What you need to do >> From the records below, output exactly the lines starting at the line with "SwissGear 5358 ScanSmart" and ending at the line with "Volkswagen Tiguan II, 2023", both of them included, but no pictures.

Available data >>
------------------------

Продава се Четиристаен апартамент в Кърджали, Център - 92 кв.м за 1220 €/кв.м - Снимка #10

------------------------

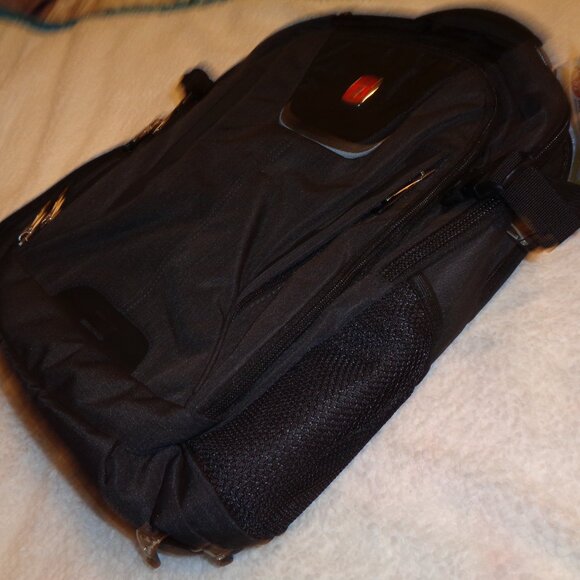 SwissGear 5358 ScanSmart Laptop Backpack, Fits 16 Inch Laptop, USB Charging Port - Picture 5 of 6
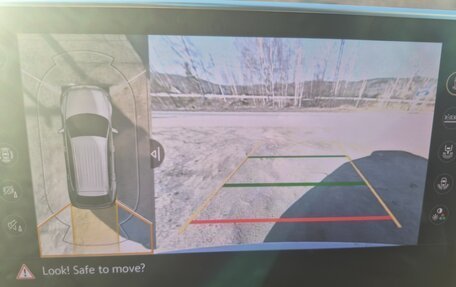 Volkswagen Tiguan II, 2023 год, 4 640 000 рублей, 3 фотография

------------------------

Written response >>
 SwissGear 5358 ScanSmart Laptop Backpack, Fits 16 Inch Laptop, USB Charging Port - Picture 5 of 6
 Volkswagen Tiguan II, 2023 год, 4 640 000 рублей, 3 фотография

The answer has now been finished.